There was no immediate report of anyone hurt in the rush to venerate the pontiff, whose body was placed at a spot just before the tomb of St. Peter, the first pope.

On John Paul’s feet were a pair of the simple brown leather shoes he favored during his 26-year pontificate and wore on many of his trips to more than 120 countries.

He will be buried in a grotto underneath the basilica after a funeral on Friday, expected to be attended by about 2 million.

Earlier, the Vatican press corps was permitted to see the pope’s body laid out in the Clementine Hall of the Apostolic Palace, where it was taken from his private apartment after he died at age 84 on Saturday evening.

Some Catholics crossed themselves in front of the remains, and women of all ages in black veils curtsied as they stopped for a few seconds to bid a personal farewell to one of the most-loved pontiffs in history.

The pope’s body was on display until 2 a.m. today when the basilica was closed for three hours before the procession of mourners from around the world was to start streaming past the body again.

The sad but expectant crowd began congregating in front of the basilica at noon yesterday. By midnight, police said the line was two miles long.

Those waiting next to St. Peter’s Square broke into applause — a sign of respect for the dead in Italy — when 12 pallbearers, flanked by Swiss Guards in red-plumed helmets, carried the body on the crimson litter through the bronze door of the Apostolic Palace into the vast piazza.

“Walking towards him in that church, so big, so grandiose, was like walking into heaven towards a saint,” Sister Maximina Semita, a Mexican nun who happened to be on pilgrimage in Rome when the pope died, told Reuters news agency. She had waited eight hours.

“I felt many emotions, sadness at our loss and joy that he is in heaven.

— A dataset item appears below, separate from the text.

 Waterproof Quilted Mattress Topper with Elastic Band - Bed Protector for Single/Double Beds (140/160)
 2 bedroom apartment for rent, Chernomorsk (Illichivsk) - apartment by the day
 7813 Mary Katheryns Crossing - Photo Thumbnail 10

The experience has strengthened my vocation,” she said.

The College of Cardinals at a meeting attended by 65 of the “princes of the church” yesterday decided to hold the papal funeral Friday.

President Bush and dozens of other heads of state and government are expected to attend, as well as royalty, including Britain’s Prince Charles, who postponed his wedding day to Camilla Parker Bowles, which was also scheduled for Friday.

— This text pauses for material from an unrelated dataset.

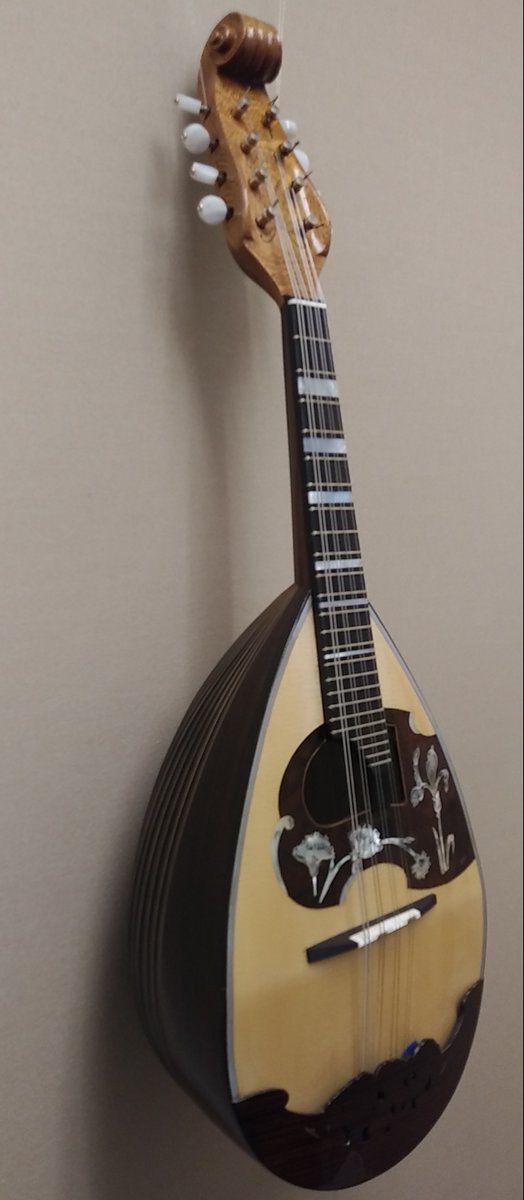 yamano_guitar's tweet image. カラーチェ特別モデル16bis Specialの次回入荷は7月末頃を予定しております。表板松と杉各1本ずつ。山野楽器だけの限定品、No.16bisとクラシコAの良いトコ取り。姿の美しさだけではなく繊細で深い音色が人気の秘密です。正に早い者勝ち！　bit.ly/3bWtT2M
#Calace  #カラーチェ  #マンドリン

Many press reports described the procession carrying the pope’s body to the basilica as his last earthly journey, but speculation persisted as to whether his heart at least might be buried alongside Polish kings and saints in the city of Krakow, where the pontiff was archbishop.

There was intermittent speculation in the past that the pope may have left instructions to be buried in his Polish homeland, but a Vatican spokesman said John Paul “did not show any such wish.”

The spokesman, Joaquin Navarro-Valls, said John Paul would “almost surely” be buried in the tomb where Pope John XXIII lay before he was brought up onto the main floor of the basilica.

John XXIII was moved after his 2000 beatification because so many pilgrims wanted to visit his tomb, and the grotto is in a cramped underground space.

Meanwhile, Cuba announced three days of national mourning beginning Sunday, and Hungary will hold a national day of mourning on Friday.

But in Ireland, an overwhelmingly Catholic nation, Irish Prime Minister Bertie Ahern stirred arguments by refusing to do the same.

In Rome, more than 6,000 extra police, including snipers, bomb-disposal experts and motorcycle escorts, were deployed to protect the crowds of faithful and world leaders converging on the Vatican.

About 1,500 officers will be assigned to the hundreds of the foreign dignitaries expected to attend Friday’s funeral. The Interior Ministry said it has enough armored cars to protect those who need them.

Despite the large number of uniformed police around St. Peter’s Square and in the tourist areas of Rome yesterday, there was no imposing presence of riot squads or police helicopters. If snipers were on rooftops, they were out of view of people in the square.

This article is based in part on wire service reports.